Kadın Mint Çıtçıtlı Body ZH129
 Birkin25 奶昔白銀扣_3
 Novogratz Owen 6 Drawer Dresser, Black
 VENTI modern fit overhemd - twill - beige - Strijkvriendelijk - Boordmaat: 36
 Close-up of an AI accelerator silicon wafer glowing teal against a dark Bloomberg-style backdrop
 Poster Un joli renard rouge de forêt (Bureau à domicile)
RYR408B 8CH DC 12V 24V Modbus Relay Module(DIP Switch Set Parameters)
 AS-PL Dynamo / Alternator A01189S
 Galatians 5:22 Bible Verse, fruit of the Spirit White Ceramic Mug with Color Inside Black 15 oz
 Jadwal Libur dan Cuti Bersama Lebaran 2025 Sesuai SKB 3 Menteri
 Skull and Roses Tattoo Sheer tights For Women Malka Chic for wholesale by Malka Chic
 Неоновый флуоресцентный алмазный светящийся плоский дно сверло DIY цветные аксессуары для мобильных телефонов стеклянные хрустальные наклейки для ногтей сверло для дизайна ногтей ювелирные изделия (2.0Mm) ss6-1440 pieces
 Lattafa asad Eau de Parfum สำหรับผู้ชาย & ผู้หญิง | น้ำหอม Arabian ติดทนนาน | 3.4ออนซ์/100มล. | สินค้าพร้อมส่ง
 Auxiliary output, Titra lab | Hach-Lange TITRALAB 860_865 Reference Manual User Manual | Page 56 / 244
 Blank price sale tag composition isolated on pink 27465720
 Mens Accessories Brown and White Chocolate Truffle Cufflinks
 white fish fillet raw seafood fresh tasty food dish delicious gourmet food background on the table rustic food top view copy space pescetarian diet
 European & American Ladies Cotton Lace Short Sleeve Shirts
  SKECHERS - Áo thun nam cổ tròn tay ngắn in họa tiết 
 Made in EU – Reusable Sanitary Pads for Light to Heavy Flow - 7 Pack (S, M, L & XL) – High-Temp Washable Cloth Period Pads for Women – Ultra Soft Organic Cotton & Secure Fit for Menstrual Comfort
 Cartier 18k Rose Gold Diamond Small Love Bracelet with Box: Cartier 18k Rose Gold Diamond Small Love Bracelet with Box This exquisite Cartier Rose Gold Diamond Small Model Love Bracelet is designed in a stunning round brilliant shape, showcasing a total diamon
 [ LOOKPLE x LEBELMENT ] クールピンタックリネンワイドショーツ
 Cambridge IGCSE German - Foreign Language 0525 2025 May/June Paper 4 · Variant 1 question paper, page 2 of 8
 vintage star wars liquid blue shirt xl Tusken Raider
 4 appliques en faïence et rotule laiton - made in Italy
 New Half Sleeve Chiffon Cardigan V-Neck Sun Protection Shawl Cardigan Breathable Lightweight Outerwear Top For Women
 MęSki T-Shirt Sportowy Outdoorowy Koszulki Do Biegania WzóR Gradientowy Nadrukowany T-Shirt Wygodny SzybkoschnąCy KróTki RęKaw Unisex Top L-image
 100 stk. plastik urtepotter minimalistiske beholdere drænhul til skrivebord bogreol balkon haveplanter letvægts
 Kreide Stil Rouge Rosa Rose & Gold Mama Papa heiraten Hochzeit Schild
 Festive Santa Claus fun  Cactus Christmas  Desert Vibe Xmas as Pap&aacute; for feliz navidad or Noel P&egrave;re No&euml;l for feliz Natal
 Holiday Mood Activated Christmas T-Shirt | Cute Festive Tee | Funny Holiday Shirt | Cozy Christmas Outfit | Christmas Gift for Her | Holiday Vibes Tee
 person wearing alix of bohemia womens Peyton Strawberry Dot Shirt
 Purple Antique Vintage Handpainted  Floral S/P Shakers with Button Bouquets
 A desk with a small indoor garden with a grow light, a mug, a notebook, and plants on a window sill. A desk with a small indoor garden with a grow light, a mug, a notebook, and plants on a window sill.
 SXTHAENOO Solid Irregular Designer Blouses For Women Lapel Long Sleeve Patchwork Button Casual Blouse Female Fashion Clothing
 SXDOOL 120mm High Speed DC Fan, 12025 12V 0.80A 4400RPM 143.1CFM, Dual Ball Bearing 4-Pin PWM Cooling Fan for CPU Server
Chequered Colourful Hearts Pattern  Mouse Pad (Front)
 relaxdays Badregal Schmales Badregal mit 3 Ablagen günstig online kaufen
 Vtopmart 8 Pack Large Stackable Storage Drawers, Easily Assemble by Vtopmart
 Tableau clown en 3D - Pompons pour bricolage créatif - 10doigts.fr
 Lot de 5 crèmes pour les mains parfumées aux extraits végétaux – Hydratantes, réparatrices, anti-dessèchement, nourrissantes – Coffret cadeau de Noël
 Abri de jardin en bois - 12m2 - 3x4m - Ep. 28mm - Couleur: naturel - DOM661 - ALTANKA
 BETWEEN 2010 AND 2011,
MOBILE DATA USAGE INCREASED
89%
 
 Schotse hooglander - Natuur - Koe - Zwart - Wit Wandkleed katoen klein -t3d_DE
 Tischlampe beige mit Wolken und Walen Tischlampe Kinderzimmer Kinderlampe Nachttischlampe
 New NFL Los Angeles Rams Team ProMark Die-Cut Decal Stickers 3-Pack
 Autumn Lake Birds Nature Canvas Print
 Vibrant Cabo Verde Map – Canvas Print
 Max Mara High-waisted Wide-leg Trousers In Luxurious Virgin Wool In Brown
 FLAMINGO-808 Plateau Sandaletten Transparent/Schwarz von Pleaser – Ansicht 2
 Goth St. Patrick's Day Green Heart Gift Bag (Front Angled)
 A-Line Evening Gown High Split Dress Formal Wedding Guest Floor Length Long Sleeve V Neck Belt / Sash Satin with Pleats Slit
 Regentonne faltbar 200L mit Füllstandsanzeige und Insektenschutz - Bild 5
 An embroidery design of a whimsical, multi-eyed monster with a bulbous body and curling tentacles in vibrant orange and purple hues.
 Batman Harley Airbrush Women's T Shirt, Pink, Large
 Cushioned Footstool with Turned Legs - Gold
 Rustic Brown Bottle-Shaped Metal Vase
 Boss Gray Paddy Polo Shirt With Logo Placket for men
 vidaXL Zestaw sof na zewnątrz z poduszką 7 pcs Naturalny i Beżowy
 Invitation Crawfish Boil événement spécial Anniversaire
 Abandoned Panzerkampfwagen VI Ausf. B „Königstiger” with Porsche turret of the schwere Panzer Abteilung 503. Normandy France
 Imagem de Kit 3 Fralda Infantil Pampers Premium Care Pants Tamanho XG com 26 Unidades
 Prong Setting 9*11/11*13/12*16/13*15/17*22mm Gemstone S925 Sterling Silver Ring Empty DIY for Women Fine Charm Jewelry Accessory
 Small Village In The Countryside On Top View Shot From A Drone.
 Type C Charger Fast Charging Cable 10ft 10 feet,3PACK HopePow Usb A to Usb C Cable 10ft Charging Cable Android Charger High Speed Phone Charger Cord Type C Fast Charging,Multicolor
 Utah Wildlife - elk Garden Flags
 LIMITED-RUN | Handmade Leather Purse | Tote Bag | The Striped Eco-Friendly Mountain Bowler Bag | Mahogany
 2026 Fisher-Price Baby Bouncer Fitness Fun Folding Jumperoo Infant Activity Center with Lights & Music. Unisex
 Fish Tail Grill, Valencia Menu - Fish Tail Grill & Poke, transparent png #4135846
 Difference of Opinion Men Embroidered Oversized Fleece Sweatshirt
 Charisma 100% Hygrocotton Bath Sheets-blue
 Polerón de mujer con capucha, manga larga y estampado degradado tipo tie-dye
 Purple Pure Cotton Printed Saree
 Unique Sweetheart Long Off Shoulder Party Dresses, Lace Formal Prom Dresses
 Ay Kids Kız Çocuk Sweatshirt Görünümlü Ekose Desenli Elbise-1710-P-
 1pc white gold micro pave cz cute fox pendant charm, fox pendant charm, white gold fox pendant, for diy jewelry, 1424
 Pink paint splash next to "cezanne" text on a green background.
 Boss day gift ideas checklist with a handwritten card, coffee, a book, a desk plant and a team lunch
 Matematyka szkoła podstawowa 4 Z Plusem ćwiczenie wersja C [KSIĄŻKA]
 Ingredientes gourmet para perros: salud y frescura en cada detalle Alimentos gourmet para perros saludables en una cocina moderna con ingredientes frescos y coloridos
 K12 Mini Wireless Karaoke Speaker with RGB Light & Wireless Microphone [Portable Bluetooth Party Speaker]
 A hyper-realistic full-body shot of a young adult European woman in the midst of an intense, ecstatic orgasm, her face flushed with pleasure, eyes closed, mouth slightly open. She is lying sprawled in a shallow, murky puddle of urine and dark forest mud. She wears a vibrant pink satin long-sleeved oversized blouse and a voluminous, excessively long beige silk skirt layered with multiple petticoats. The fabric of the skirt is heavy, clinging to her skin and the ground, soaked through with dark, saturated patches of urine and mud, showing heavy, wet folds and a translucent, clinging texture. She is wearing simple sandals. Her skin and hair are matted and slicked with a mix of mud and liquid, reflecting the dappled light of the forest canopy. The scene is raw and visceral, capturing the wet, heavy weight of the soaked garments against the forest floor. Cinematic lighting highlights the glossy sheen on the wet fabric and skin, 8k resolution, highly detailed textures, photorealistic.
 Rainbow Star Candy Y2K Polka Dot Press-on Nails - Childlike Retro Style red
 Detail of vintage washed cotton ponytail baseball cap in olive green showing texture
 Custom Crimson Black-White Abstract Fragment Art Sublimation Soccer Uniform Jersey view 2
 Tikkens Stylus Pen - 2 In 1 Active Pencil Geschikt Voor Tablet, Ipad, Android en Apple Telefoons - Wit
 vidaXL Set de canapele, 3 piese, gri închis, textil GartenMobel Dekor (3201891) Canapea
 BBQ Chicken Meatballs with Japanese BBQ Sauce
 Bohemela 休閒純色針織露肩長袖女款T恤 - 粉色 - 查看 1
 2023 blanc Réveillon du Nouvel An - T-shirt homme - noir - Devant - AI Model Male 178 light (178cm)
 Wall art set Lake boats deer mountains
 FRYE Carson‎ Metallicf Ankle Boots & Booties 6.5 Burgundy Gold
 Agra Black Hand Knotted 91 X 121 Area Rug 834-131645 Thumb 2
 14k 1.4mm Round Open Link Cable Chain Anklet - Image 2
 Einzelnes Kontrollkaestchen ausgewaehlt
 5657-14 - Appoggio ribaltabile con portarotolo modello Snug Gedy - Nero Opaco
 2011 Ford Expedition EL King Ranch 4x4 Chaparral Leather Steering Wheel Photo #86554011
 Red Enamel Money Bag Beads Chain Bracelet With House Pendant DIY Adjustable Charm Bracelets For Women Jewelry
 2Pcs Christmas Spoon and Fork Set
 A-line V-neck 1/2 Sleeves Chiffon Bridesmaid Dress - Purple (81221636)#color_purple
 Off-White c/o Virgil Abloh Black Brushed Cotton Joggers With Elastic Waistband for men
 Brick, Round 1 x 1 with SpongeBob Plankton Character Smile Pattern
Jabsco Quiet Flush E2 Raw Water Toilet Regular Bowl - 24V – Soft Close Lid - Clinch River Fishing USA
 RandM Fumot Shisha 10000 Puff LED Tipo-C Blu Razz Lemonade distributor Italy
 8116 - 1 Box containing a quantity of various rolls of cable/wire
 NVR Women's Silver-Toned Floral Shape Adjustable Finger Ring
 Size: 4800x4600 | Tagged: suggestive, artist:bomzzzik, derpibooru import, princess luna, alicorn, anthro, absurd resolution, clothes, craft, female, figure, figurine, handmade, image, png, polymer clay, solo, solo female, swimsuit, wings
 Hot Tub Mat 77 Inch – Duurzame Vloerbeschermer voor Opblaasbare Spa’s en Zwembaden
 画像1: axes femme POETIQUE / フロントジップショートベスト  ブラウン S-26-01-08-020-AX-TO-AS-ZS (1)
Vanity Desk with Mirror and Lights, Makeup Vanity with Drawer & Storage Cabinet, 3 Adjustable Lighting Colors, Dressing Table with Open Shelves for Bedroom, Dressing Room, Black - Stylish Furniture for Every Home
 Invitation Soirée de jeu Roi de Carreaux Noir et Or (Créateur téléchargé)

--------------------------------

What you return must be an exact retyping of the lines above starting at the line with "vidaXL Set de" and ending at the line with "2Pcs Christmas Spoon and Fork Set", and nothing besides.

* Final answer *
 vidaXL Set de canapele, 3 piese, gri închis, textil GartenMobel Dekor (3201891) Canapea
 BBQ Chicken Meatballs with Japanese BBQ Sauce
 Bohemela 休閒純色針織露肩長袖女款T恤 - 粉色 - 查看 1
 2023 blanc Réveillon du Nouvel An - T-shirt homme - noir - Devant - AI Model Male 178 light (178cm)
 Wall art set Lake boats deer mountains
 FRYE Carson‎ Metallicf Ankle Boots & Booties 6.5 Burgundy Gold
 Agra Black Hand Knotted 91 X 121 Area Rug 834-131645 Thumb 2
 14k 1.4mm Round Open Link Cable Chain Anklet - Image 2
 Einzelnes Kontrollkaestchen ausgewaehlt
 5657-14 - Appoggio ribaltabile con portarotolo modello Snug Gedy - Nero Opaco
 2011 Ford Expedition EL King Ranch 4x4 Chaparral Leather Steering Wheel Photo #86554011
 Red Enamel Money Bag Beads Chain Bracelet With House Pendant DIY Adjustable Charm Bracelets For Women Jewelry
 2Pcs Christmas Spoon and Fork Set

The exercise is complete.